HIT-AND-RUN DRUNK DRIVER GETS OFF MURDER

A man that killed another with his van minutes after an altercation in the carpark of a pub, has had his murder conviction downgraded and will soon be eligible for parole.

On 21 February 2014 Michael Meakin, 50, arrived at the hotel in western Sydney around 2:15pm, where he consumed full strength schooners of beer until leaving at midnight.

Sometime after 11pm, Meakin was in a competition of three games of pool with another man when 30-year-old Nicholas McEvoy arrived, who knew the opponent, and by witness accounts boisterously backed Meakin to lose. Some words were exchanged.

A security guard soon suggested McEvoy leave, as he appeared to be intoxicated by alcohol or something else.

Shortly after, more words were exchanged between the men in the car park, and Meakin swung a punch. It failed to connect and McEvoy did not retaliate.

The younger man left the area, walking north through the grounds to Richmond Road, turning south-east toward his home at Quakers Hill. 

Meakin got in his van, and a security guard reportedly stressed on him he needed to go home, which was a 20-kilometre drive north-west to Freeman’s Reach.

Minutes later, McEvoy was struck by the van. He was later found dead on the nature strip beside the road, missing a shoe, which was on the road.

Meaking drove home and hid his vehicle behind his house. His record showed drink-driving convictions on three occasions between 2000 and 2009, and one for driving disqualified in 2010.

Following an investigation, he was subsequently convicted of murder, sentenced in 2016 to a maximum of 24 years’ jail with a minimum of 18 years.

Last week the case appeared on appeal at the NSW Supreme Court, before Acting Justice Peter Hidden.

While the Crown prosecution had contended Meakin deliberately ran over McEvoy, Justice Hidden said the evidence fell short of proving the van had mounted the grass verge to hit the pedestrian.

Meakin claimed to have had no idea where the other man had gone after they parted, having left via the exit to the west of the hotel.

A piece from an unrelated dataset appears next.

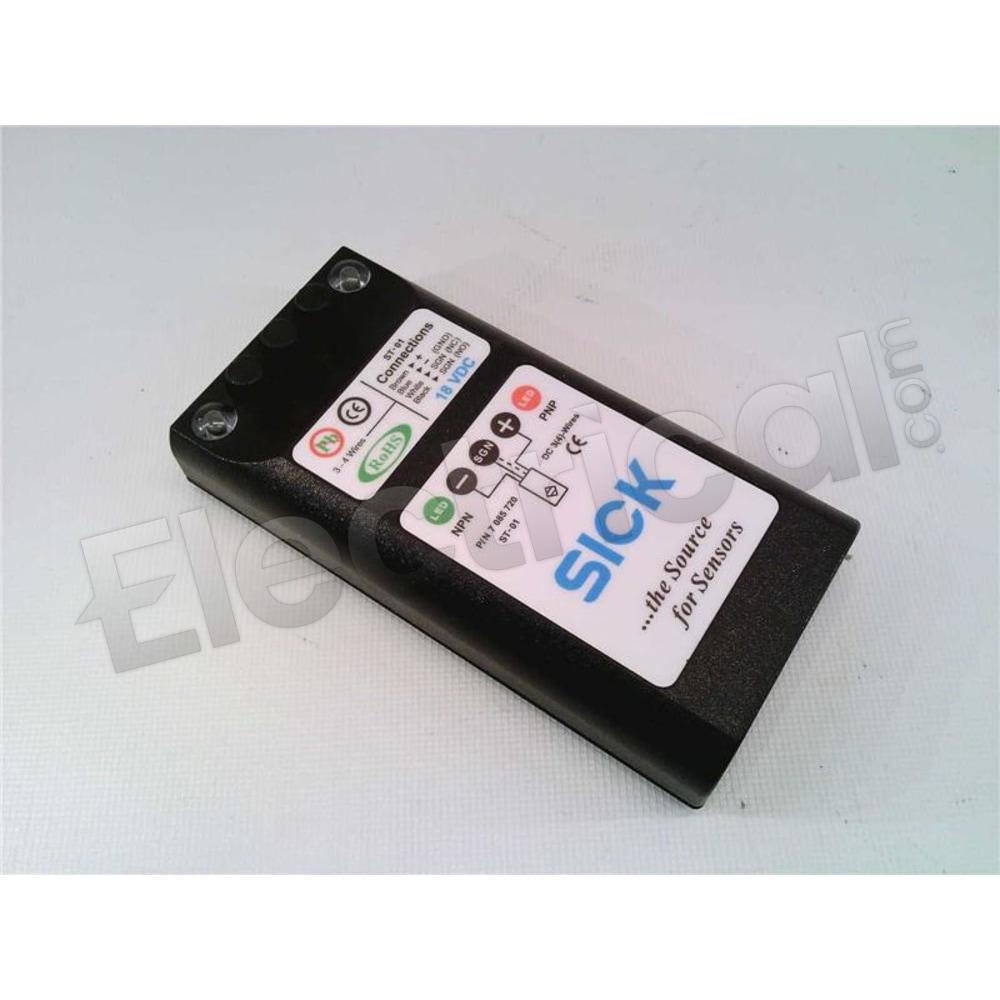 7085720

He claimed his altered route was inspired by a desire to get McDonalds on the way home, and he did not even know it was McEvoy he had hit. He fled because he knew he was over the blood alcohol limit. Police were consequently not able to take a precise reading, but his BAL was estimated to have been around 0.15.

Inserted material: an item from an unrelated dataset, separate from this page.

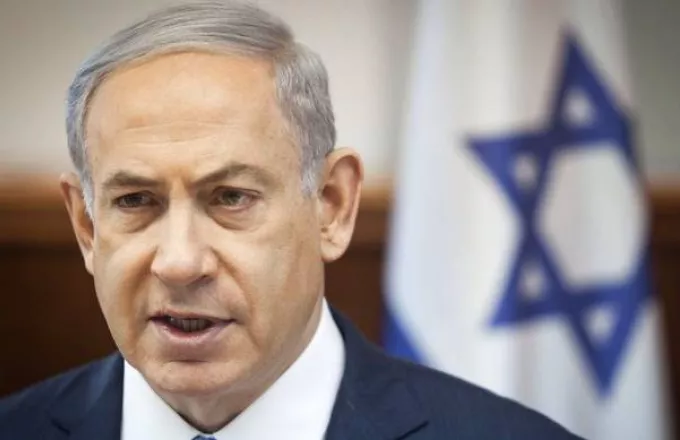 Ισραήλ: Ο πρωθυπουργός Νετανιάχου αποπέμπει τον υπουργό Άμυνας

CCTV presented in evidence showed Meakin purchase schooners on 16 occasions whilst at the hotel, purchasing two beers at once on five occasions, one of which he said may have been for someone else.

The day after the incident he prepared a statement and handed himself in to police.

In the NSW Supreme Court verdict last week Justice Hidden found Meakin not guilty of murder, accepting his plea to the lesser charge of ‘dangerous driving causing death in circumstances of aggravation’.

“It is Mr Meakin’s case that the incident was a tragic accident: that Mr McEvoy stepped or stumbled onto the roadway, and it was there that the van struck him,” said Hidden.

“But I have to say that to deliberately run over Mr McEvoy would be an extraordinarily disproportionate response to conduct properly characterised as annoying or, at most, offensive.”

Last Friday Justice Hidden amended Meakin’s sentence to seven years, with non-parole period of four years.

He has already been in custody since August 2016, meaning he’ll be eligible for parole in August 2020.